**Exercise goal**:
Your response should contain only the lines running from the top of the data below through the line with "Bichon Frise Vaporwave", both included. Pictures must be omitted.

Start of Excerpted data

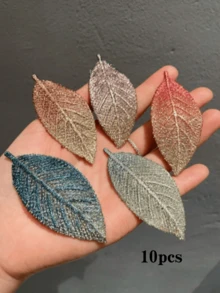 5pcs Leaf Shaped Hair Clips, Women Hair Accessories, Claw Clips, Hair Slide, Hair Barrettes, Head Accessories, Hairpin,Travel,Birthday - Multicolor - View 5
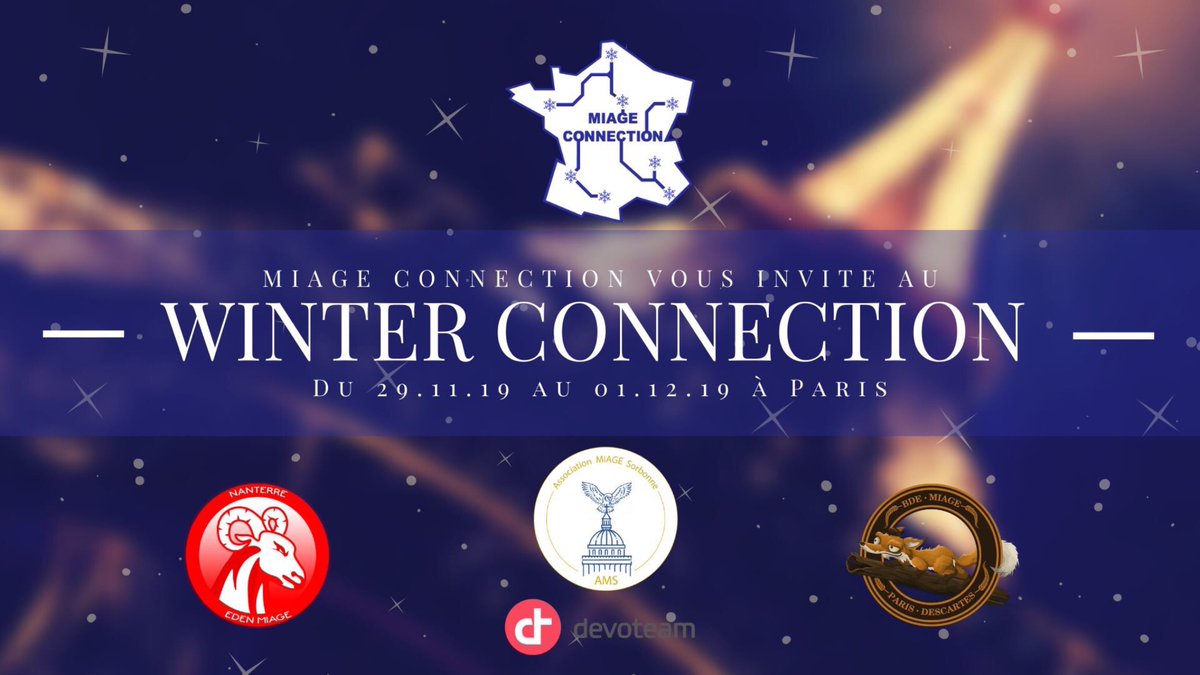 Nous sommes en route pour le Winter, l’évènement de <a href="/MIAGEConnection/">MIAGE Connection</a> ! L’occasion pour nous de se retrouver entre Miagistes et d’aborder des problématiques liées à la formation avec les administrateurs ! 😉 
#MIAGE #MIAGEConnection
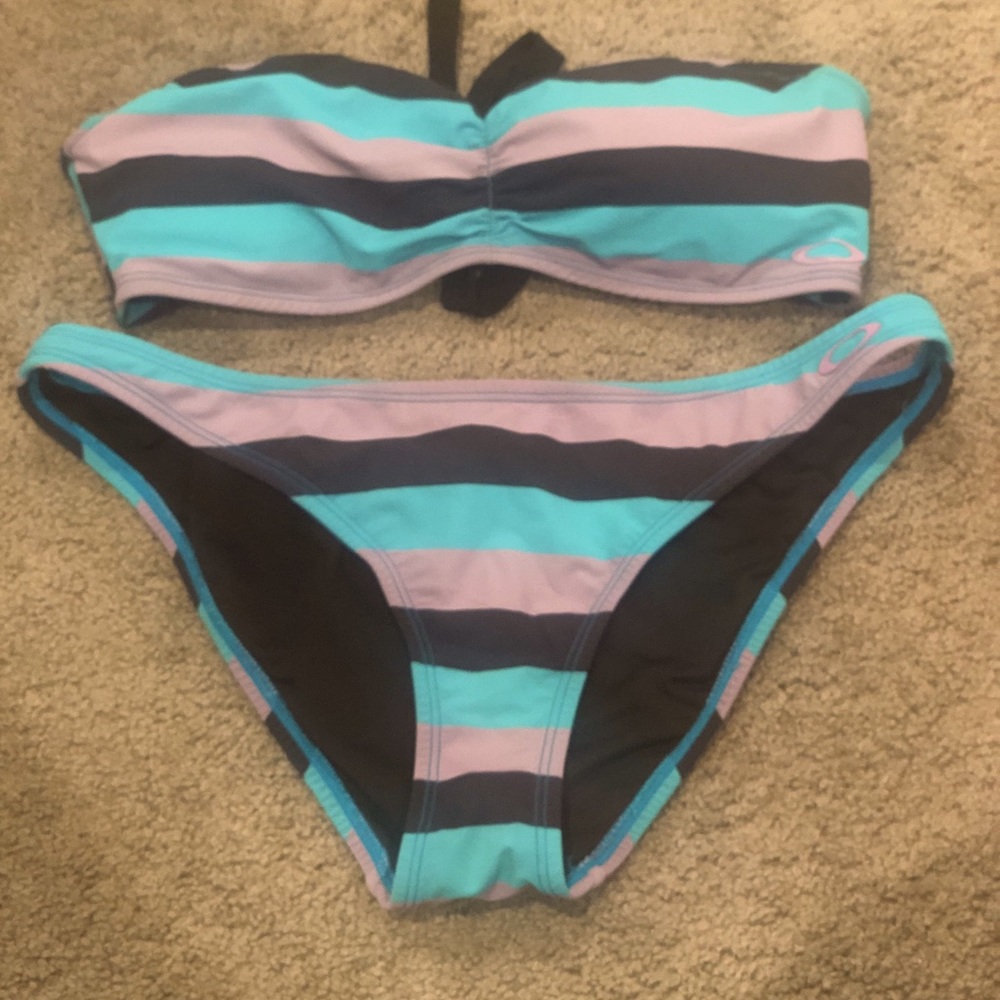 Oakley striped halter tank top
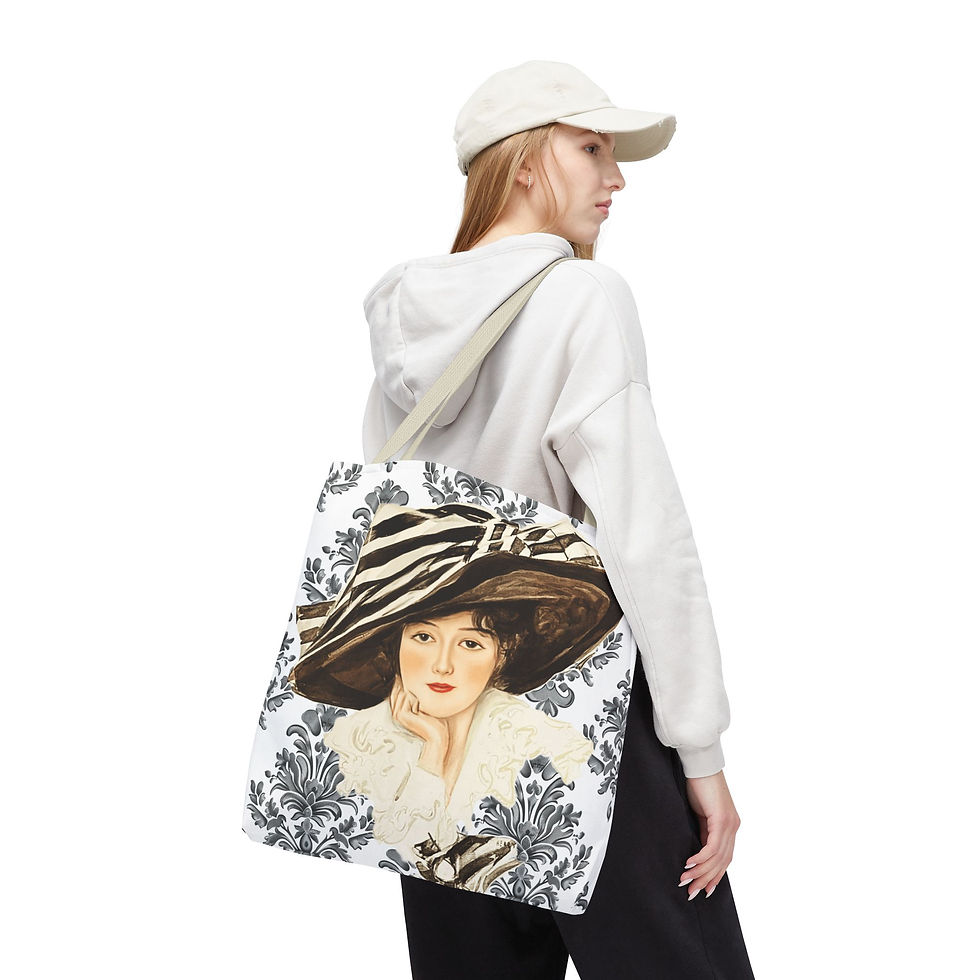 Thumbnail: Vintage Art Tote Bag Victorian Fashion Woman Expressive Unique Artistic Gift 
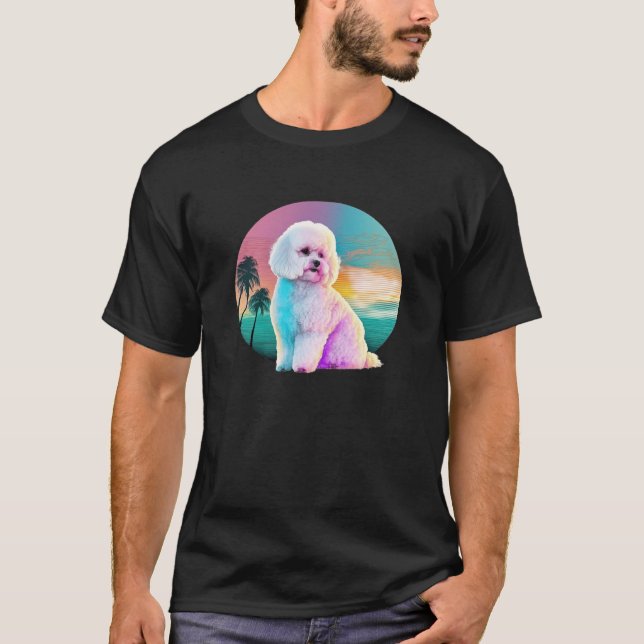 Bichon Frise Vaporwave Retrowave Aesthetic T-Shirt (Front)
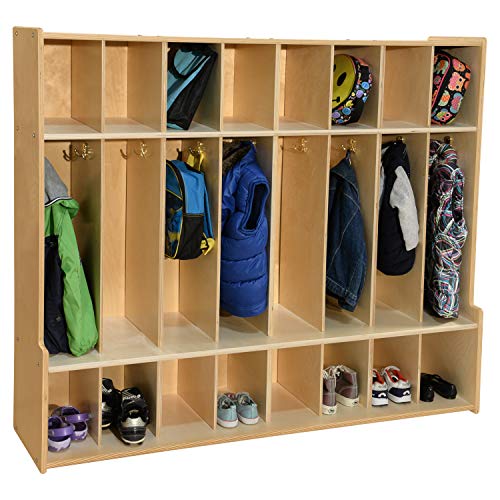 Contender 8-Section Coat Locker with Bench & Cubby Storage, Wooden Backpack Cubby Storage Organizer with Hooks for Daycare, Classroom, Home [Greenguard Gold Certified]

End of Excerpted data

**Final answer**:
 5pcs Leaf Shaped Hair Clips, Women Hair Accessories, Claw Clips, Hair Slide, Hair Barrettes, Head Accessories, Hairpin,Travel,Birthday - Multicolor - View 5
 Nous sommes en route pour le Winter, l’évènement de <a href="/MIAGEConnection/">MIAGE Connection</a> ! L’occasion pour nous de se retrouver entre Miagistes et d’aborder des problématiques liées à la formation avec les administrateurs ! 😉 
#MIAGE #MIAGEConnection
 Oakley striped halter tank top
 Thumbnail: Vintage Art Tote Bag Victorian Fashion Woman Expressive Unique Artistic Gift 
 Bichon Frise Vaporwave Retrowave Aesthetic T-Shirt (Front)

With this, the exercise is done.